METHOD AND SYSTEM FOR COMPLEX TRANSMIT DIVERSITY

The present invention relates to transmission diversity of a mobile communication system, and more particularly, to a hybrid transmission diversity system and method for transmitting high quality and high speed data in downlink.

In general, the major performance deterioration factors that occur in mobile communication systems are fading and multi-user interference. In particular, the fading reduces the amplitude of the received signal from a few dB to several tens of dB. As a result, if the phase of the received signal distorted by fading during data demodulation is not compensated for, the quality of the entire mobile communication service is degraded due to an information error of the received data. Therefore, in order to appropriately cope with signal attenuation due to fading, various methods for realizing various types of diversity in time, frequency, and spatial domains have been studied.

Diversity techniques are generally classified into time diversity and space diversity. Among them, the spatial diversity technique is a method of transmitting and receiving a signal through a plurality of antennas that are not spatially correlated to reduce fading by using independent properties of a plurality of radio channels.

However, in the spatial diversity scheme, since a plurality of antennas should be arranged at wide intervals, a reception diversity scheme is more widely used than a transmit diversity scheme, that is, a reception diversity scheme in which a base station uses multiple reception antennas on a reverse link. It is becoming. This reception diversity technique has been used as an effective performance improvement scheme when the reverse link limits the capacity of the entire system, as in the second generation mobile communication system.

Meanwhile, in the third generation IMT-2000 system, the traffic on the forward link has much more asymmetrical characteristics than the traffic on the reverse link. Due to these characteristics, the forward link is expected to limit the overall capacity of the system. However, considering the requirements of low power, miniaturization and low cost of the terminal, the number of receiving antennas of the terminal should be limited. It's hard to expect

Therefore, in order to overcome this problem, researches on a transmit diversity scheme using a plurality of transmit antennas at the base station are actively conducted. According to this trend, in the 3GPP (Third Generation Partnership Project) IMT-2000 system of the W-CDMA wireless standard, transmission diversity such as Space Time Transmit Diversity (STTD), Time-Switched Transmit Diversity (TSTD), and TxAA (Transmit Adaptive Array) The techniques are already adopted as a standard.

Recently, a maximum ratio transmission (MRT) technique has been proposed as a method similar to the TxAA. Unlike the TxAA, the MRT uses a signal-to-noise ratio at the receiving end by simultaneously using a weight for not only a transmitting antenna but also a receiving antenna; It is a closed loop transmission diversity scheme that maximizes SNR.

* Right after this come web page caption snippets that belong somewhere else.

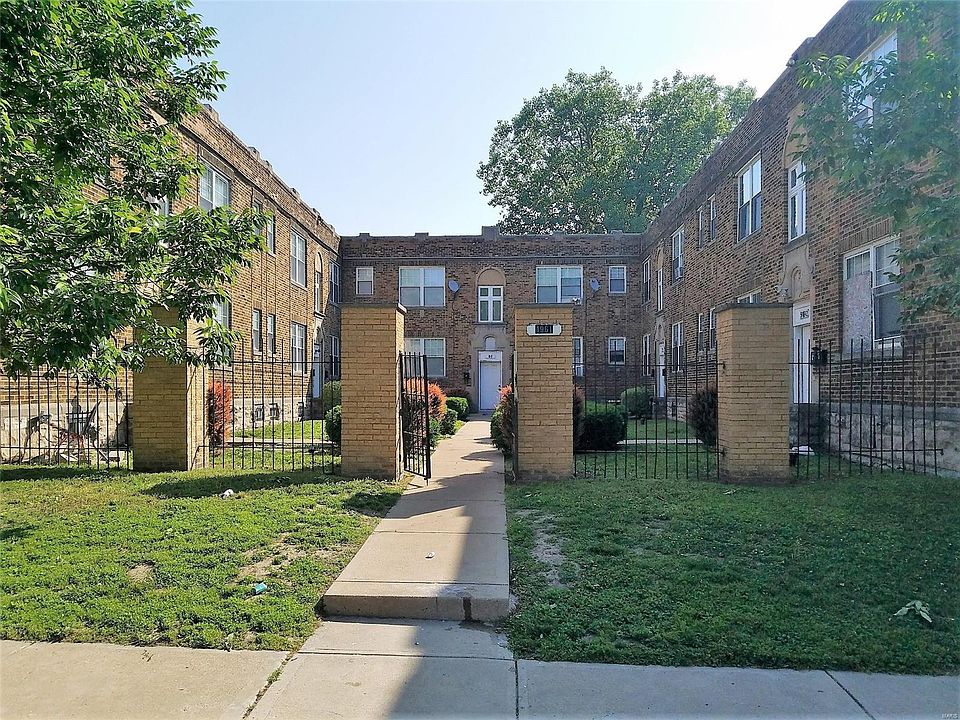 1st image of 4961 Rosalie St APT 12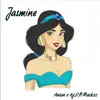 Jasmine (feat. Mackzz) - Single album lyrics, reviews, download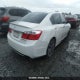 1HGCR2F52DA176826 2013 Honda Accord Sport auction photo thumbnail 4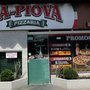 Photo of Pizzaria La Piova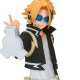 FIGURA BANPRESTO MY HERO ACADEMIA AGE Figuras FIGURA BANPRESTO MY HERO ACADEMIA AGE Figuras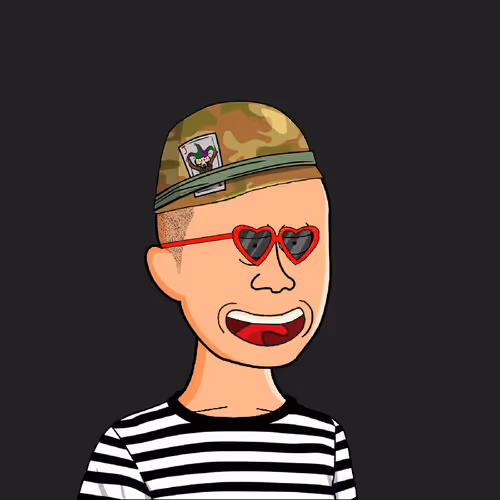 Rich Cz Yacht Club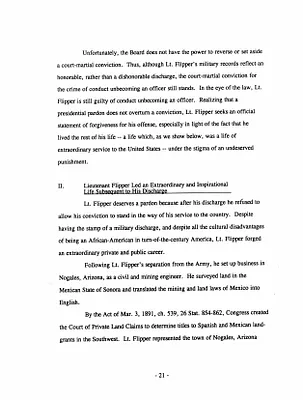 p. 41
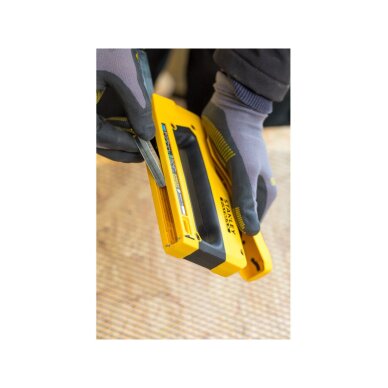 Rankinis kabiamušis 360 4 Rankinis kabiamušis 360 4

STTD is a typical transmission diversity scheme in the form of an open loop. The diversity gain is obtained through space-time coding in which a channel coding technique, which is mainly applied in time, is expanded in space. It is a technique for. The STTD was first proposed by Alamouti. The STTD is a technique using two transmit antennas and a single receive antenna, but may be extended according to an increase in the number of transmit antennas according to the same space-time encoding rules. This extended STTD can improve coding gain and channel capacity without the need for additional bandwidth compared to existing technologies. In addition, since the STTD does not need feedback information from the receiving end to the transmitting end, the STTD has an advantage that there is no change in system performance due to speed and radio channel change.

Space-Time Transmit Diversity-Orthogonal Transmit Diversity (STTD-OTD) is an extension of the STTD scheme using two transmit antennas to four transmit antennas. In the STTD-OTD, the transmitter uses the same space-time coding scheme as that of the STTD, but uses a coding scheme different from that of the Alamouti scheme (using two transmitting antennas) to use four transmitting antennas. In other words, STTD-OTD uses a new space-time coding method that combines space-time coding scheme in the Orthogonal Transmit Diversity (OTD) scheme adopted as the W-CDMA standard of STTD and 3GPP to increase space-time code gain and diversity gain. In particular, when the STTD-OTD is used, the complexity of the receiver is not the same as that of the STTD using two conventional transmission antennas and a single reception antenna.

The MRT system is similar to the TxAA technique, which is one of the closed-loop transmit diversity schemes adopted as the W-CDMA standard of 3GPP.However, unlike the TxAA technique, the MRT system simultaneously uses the weights for the receive antenna as well as the transmit antenna. It is a closed loop transmission diversity scheme that maximizes SNR. To this end, unlike TxAA, which uses the normalized eigenvector corresponding to the maximum eigenvalue of the channel correlation matrix to maximize the received power at the receiver when determining the weight of the transmit antenna as the transmit antenna weight, the MRT system uses a channel to which the transmitted signals are subjected to at the receiver. It shows a simple structure that applies the transmit antenna weight in the form of estimating the information and then feeding it back to the transmitter to compensate for the channel.

In addition, in the case of determining the weight of the receiver, when two or more receive antennas are used, a weight corresponding to each receive antenna cannot be obtained separately. However, in the MRT system, when the single receive antenna is used for the target system, the receiver weight is generally set to a value of 1. Since it is fixed, the receiver structure for the transmission symbol estimation at the receiving end is simplified.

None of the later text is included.